Greg Anderson had an extensive history of domestic violence, had threatened to kill Rosie Batty, who had an AVO against him, and was only permitted contact with his son in public places. Police believe the murder was premeditated - i.e., he took a knife to one of the few places he knew he would be able to get close to his son, killed him, and then carried out 'suicide by cop'.
I want to discuss the incredibly disturbing way the media here has covered the case. I'd do it in an Australian forum, but unfortunately we don't have any large online feminist spaces, and my impression is that the coverage is not that different to the way the UK media covers similar cases. I think it's important to talk about, because the implications for the feminist campaign to end male violence against women and children are grave if this is how public discussion of such crimes is allowed to proceed.
First off, every major news outlet has emphasised how much Anderson 'loved' his son, and was loved by him in return. In fairness, they took their lead from a statement given by Luke's mother which said exactly that. The other major emphasis has been on Anderson being allegedly mentally ill - again, this angle comes from Rosie Batty's interview, in which she speculated that her estranged husband had 'an undiagnosed mental illness'.

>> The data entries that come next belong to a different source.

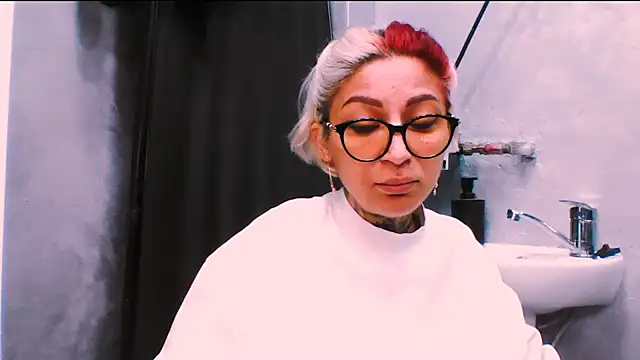 Lucky Deniz online show from 11.23.25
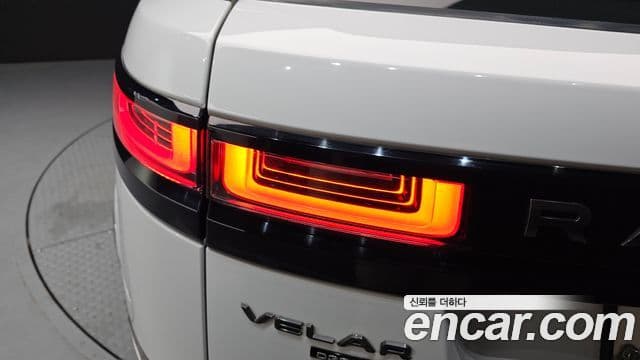 Land Rover Range Rover Velar 2018 — Şəkil 9/32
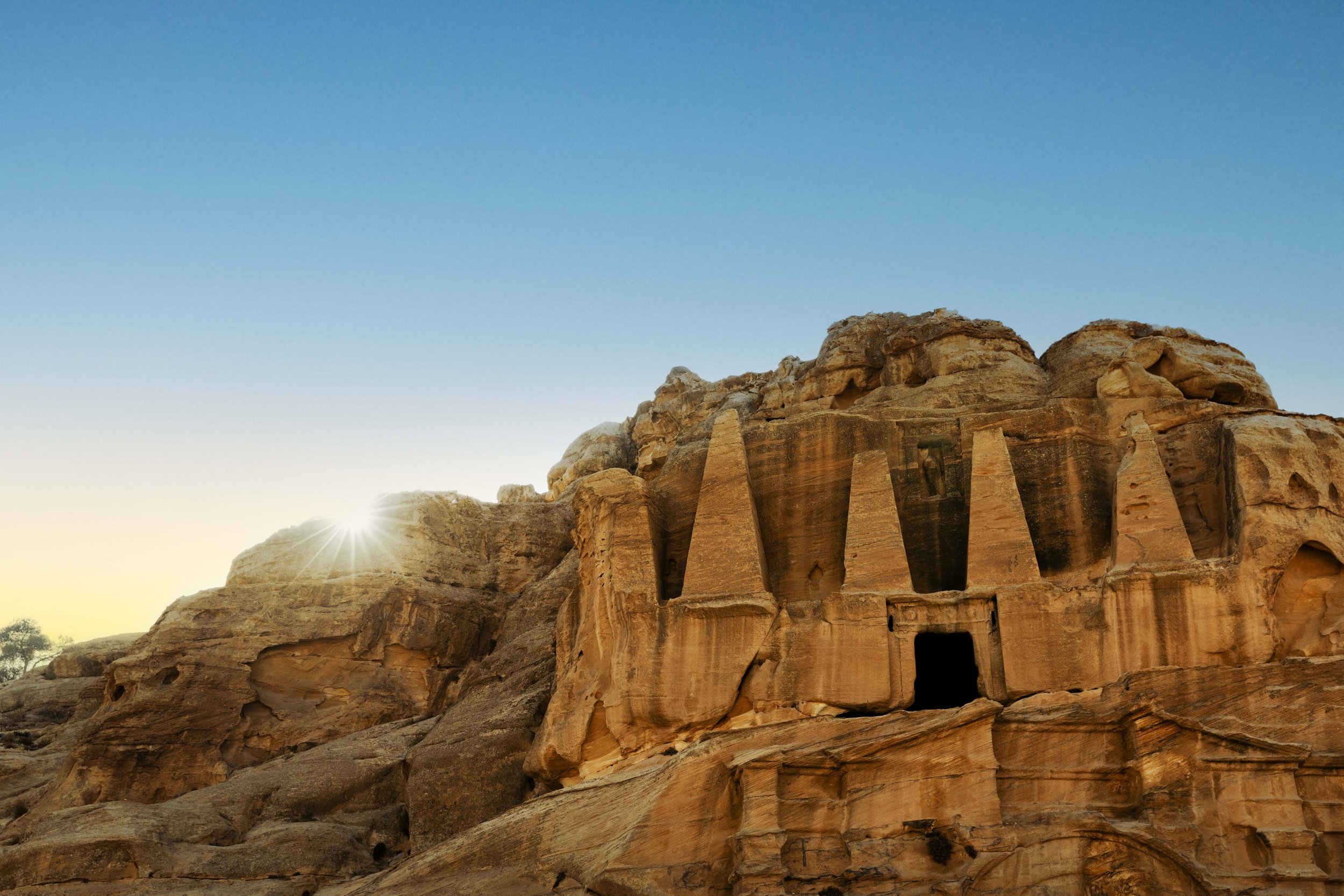 JORDANIE - PETRA- TOMBEAUX NABATEENS - ROCHE - AS_01.jpg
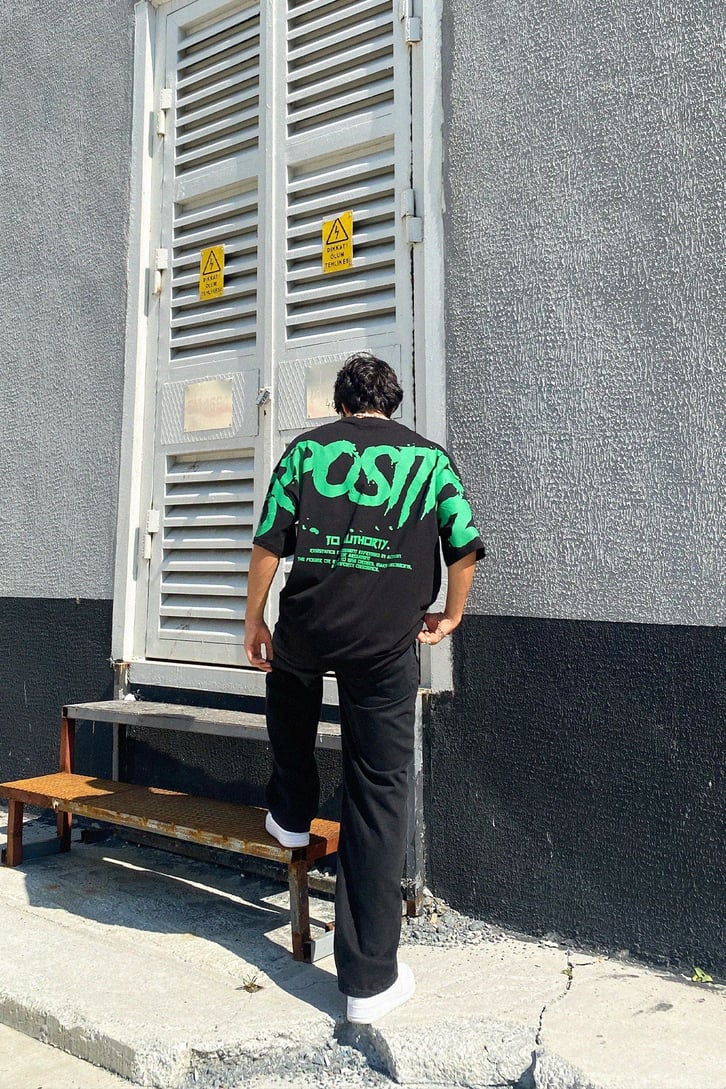 Opposition Sırt Baskılı Siyah Oversize Tshirt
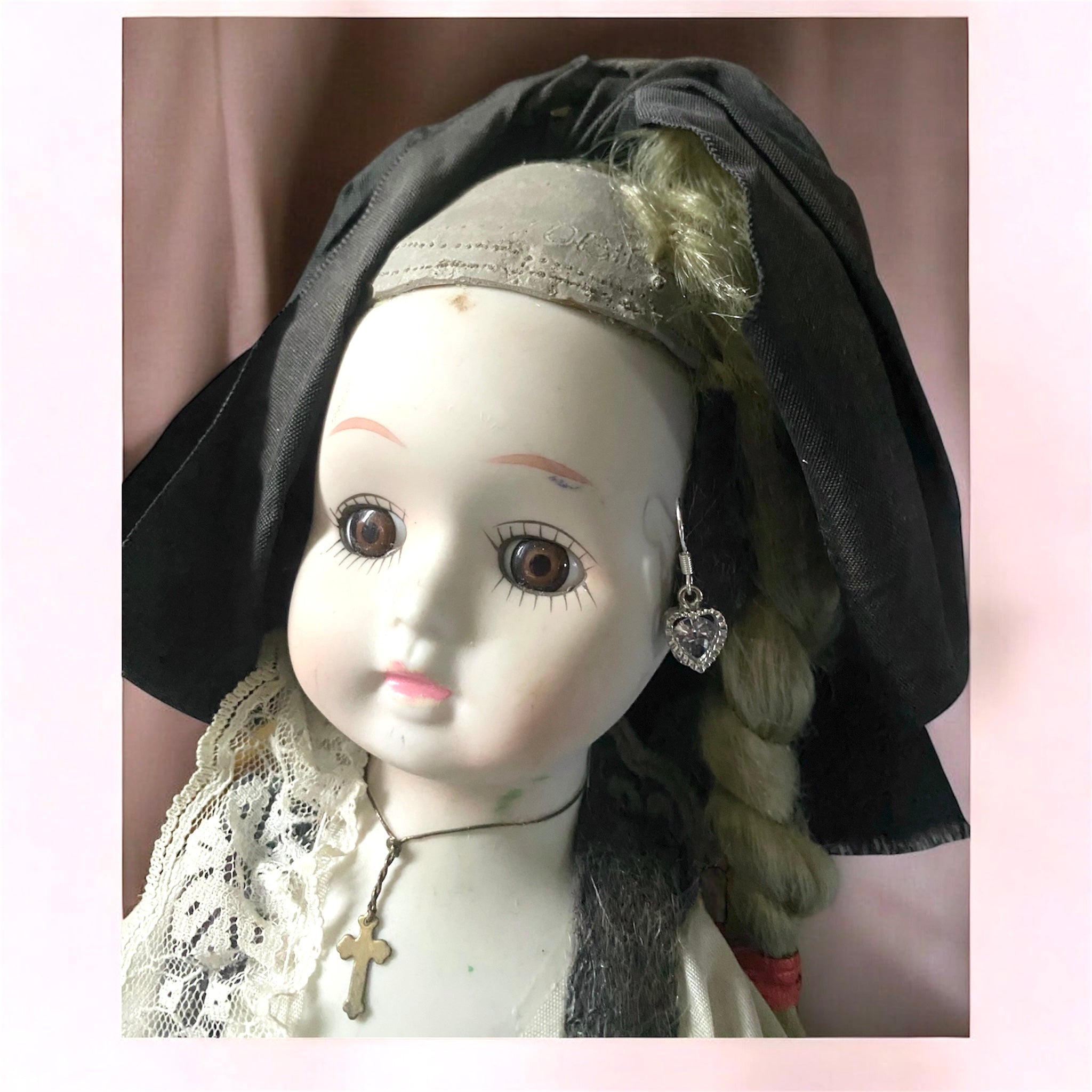 Boucles d'Oreilles Perlées Mini – 5 modèles élégants - Soutien aux Chats Abandonnés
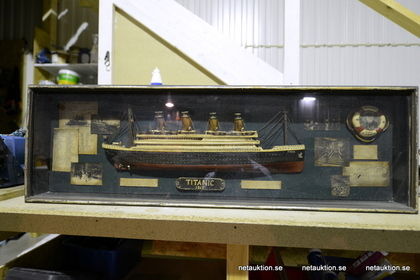 Titt in tavla med Titanic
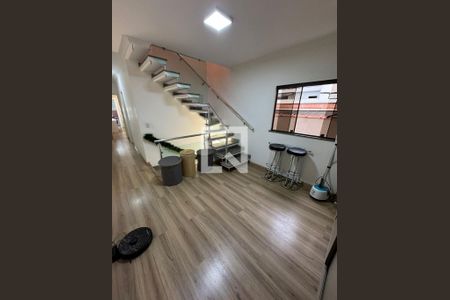 Casa à venda com 293m², 3 quartos e 2 vagas Casa à venda com 293m², 3 quartos e 2 vagasHall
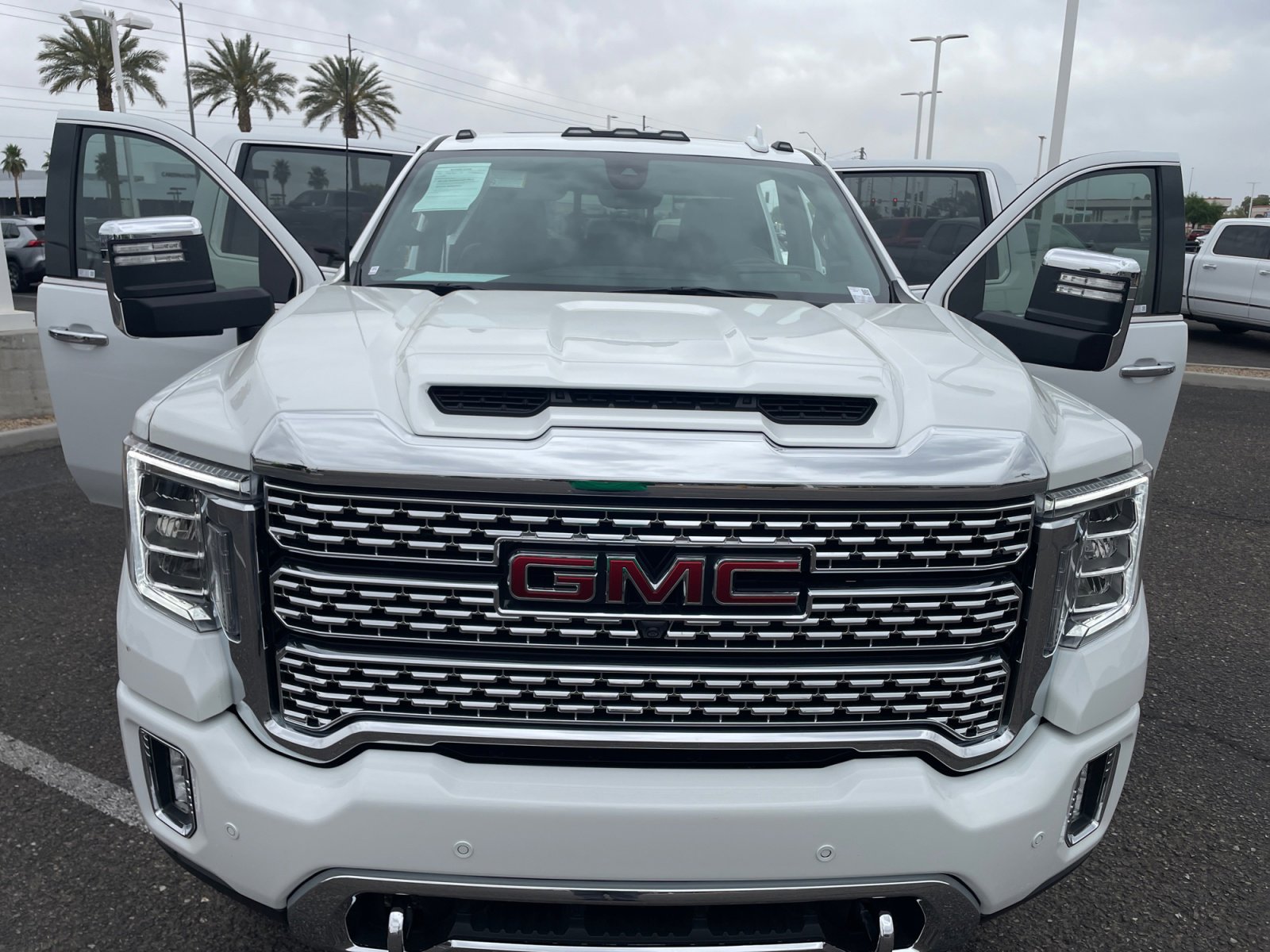 Used 2021 GMC Sierra 2500 Denali w/ Denali Ultimate Package image 21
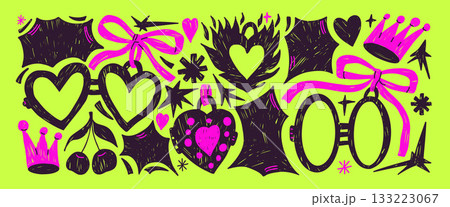 Hearts locket, bangs text boxes. Crayon fire heart with crowns and cherry set. Funky callout elements with girly stars shapes. Vector hand drawn Valentine illustration isolated on green background 133223067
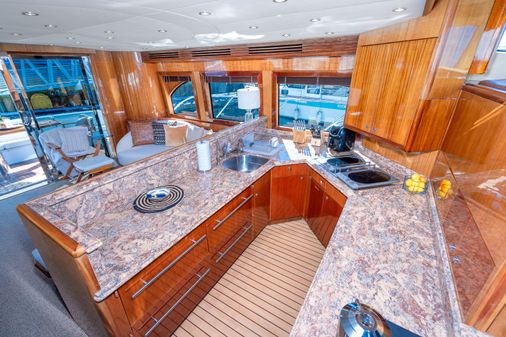 Hatteras RAISED-PILOTHOUSE-MOTORYACHT image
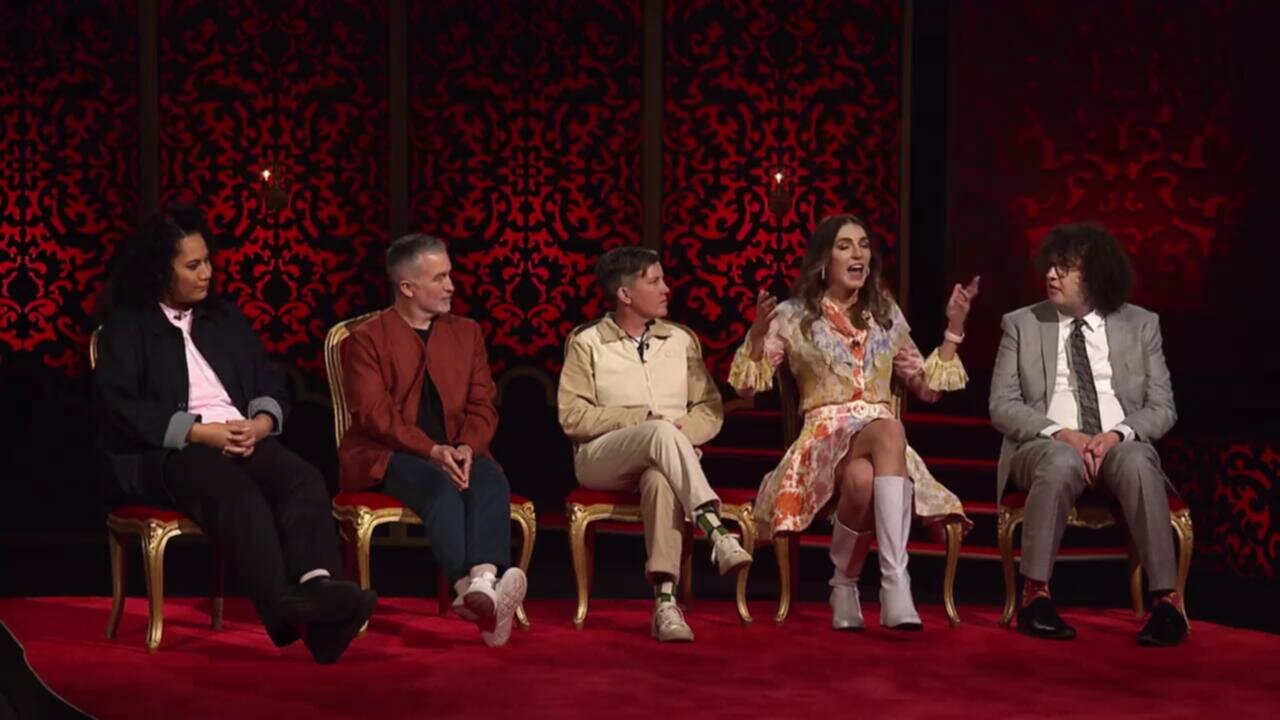 Taskmaster NZ S04E03 Everyone is Just a Teal Dress 720p TVNZ WEB DL AAC2 0 H 264 NTb TGx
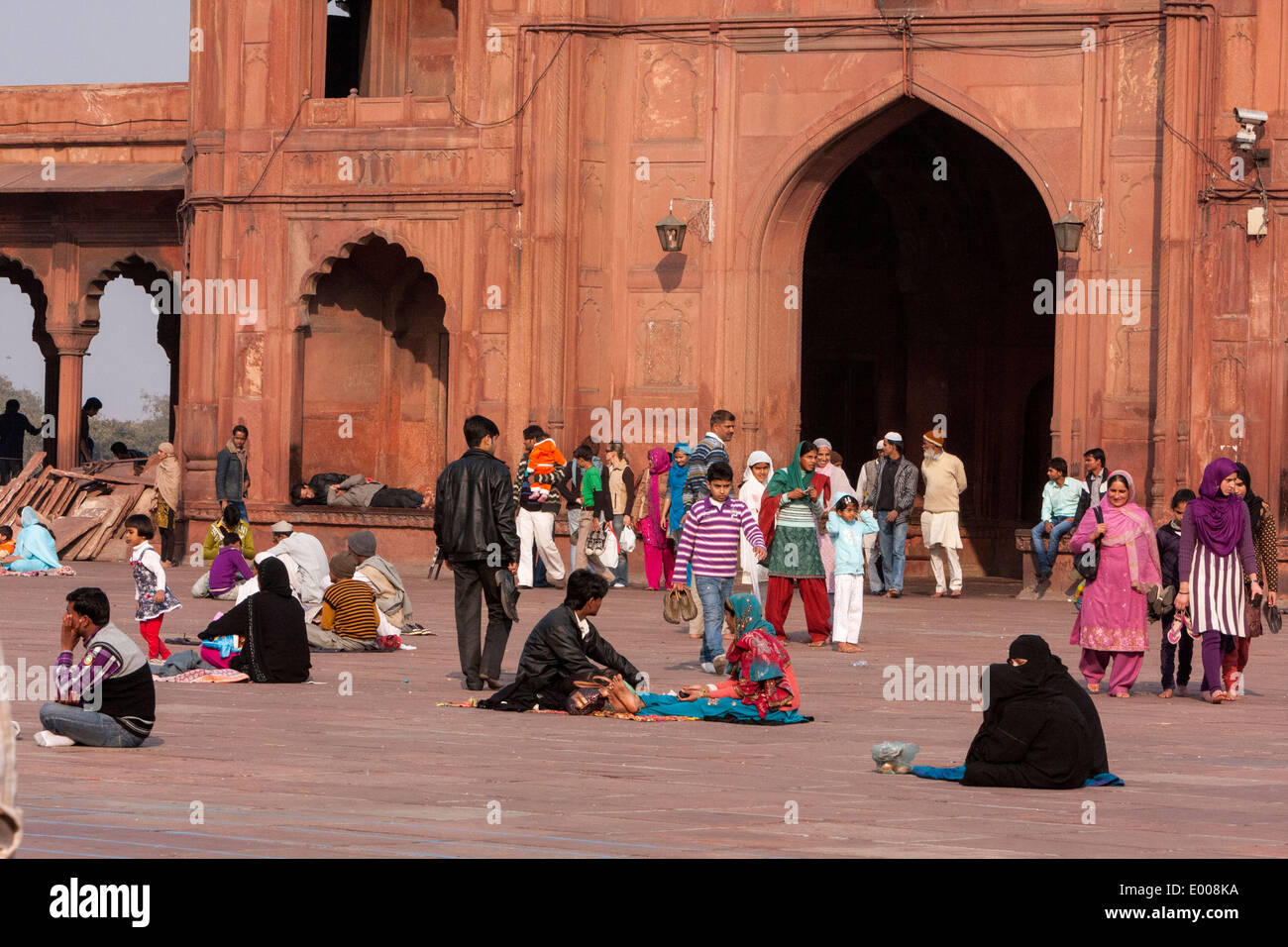 New Delhi, Inde. Les musulmans en attente de prière de l'après-midi dans la cour de la Jama Masjid (mosquée du vendredi). Banque D'Images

I am not going to pass judgement on anything a mother whose child has just been murdered in front of her says or feels in this situation, except to note that she is no doubt in shock and perhaps trying to rationalise what has happened. Regardless, this does not exculpate the media from reconstructing the brutal and premeditated murder of a child as the 'inexplicable' act of an otherwise 'loving father'.
Rosie Batty also told reporters of the years of violence and intimidation she had suffered at Anderson's hands, and that Luke 'felt pain and sadness and fear for his mum' - but this was all lost in the determination by the media to portray Anderson as a vulnerable man whose untreated mental illness was to blame for his act of violence against a son he 'loved more than anybody'. Notably, the word that has been used over and over again to describe this case is not 'crime', but 'tragedy' (Prime Minister Tony Abbott used the word five times in his comments on the case). A tragedy, it is implied, in which Anderson was as much a victim as the boy he murdered, and the partner he has left childless.
Such narratives are essentially a wholesale reversal of the truth. Anderson was not the victim of an unforeseeable tragedy, but the perpetrator of a brutal crime. This crime was not indicative of a hurt father's loss of control, but rather the ultimate assertion of his right to total control over his family. He was not 'vulnerable' and 'lost' - his partner and child were vulnerable to his deliberate and sustained violence. People with mental illnesses are much more likely to harm themselves than others, and, if they are experiencing violent psychosis, they lash out at random targets rather than carry out coldblooded murders of specific ones. Lastly, and most obviously, fathers who love their children do not annihilate them in order to get back at their former partners.
I believe such false framing of male violence against women and children is a political act. When a state-controlled media circulates lies in order to justify the violence of the state, we understand this for what it is: propaganda. The difference is that the kind of propaganda which seeks to justify and excuse male violence is not disseminated by a central controlling body - rather, it circulates in the cultural body of a patriarchal society, which subscribes, at its core, to the same belief that drove Anderson's decision to murder his son, one which asserts the primacy of a man's will and feelings over the actual lives of women and children. And so such a society must endlessly repeat back to itself stories that uphold this tenet, and seek to prevent the naming of truths that would expose it.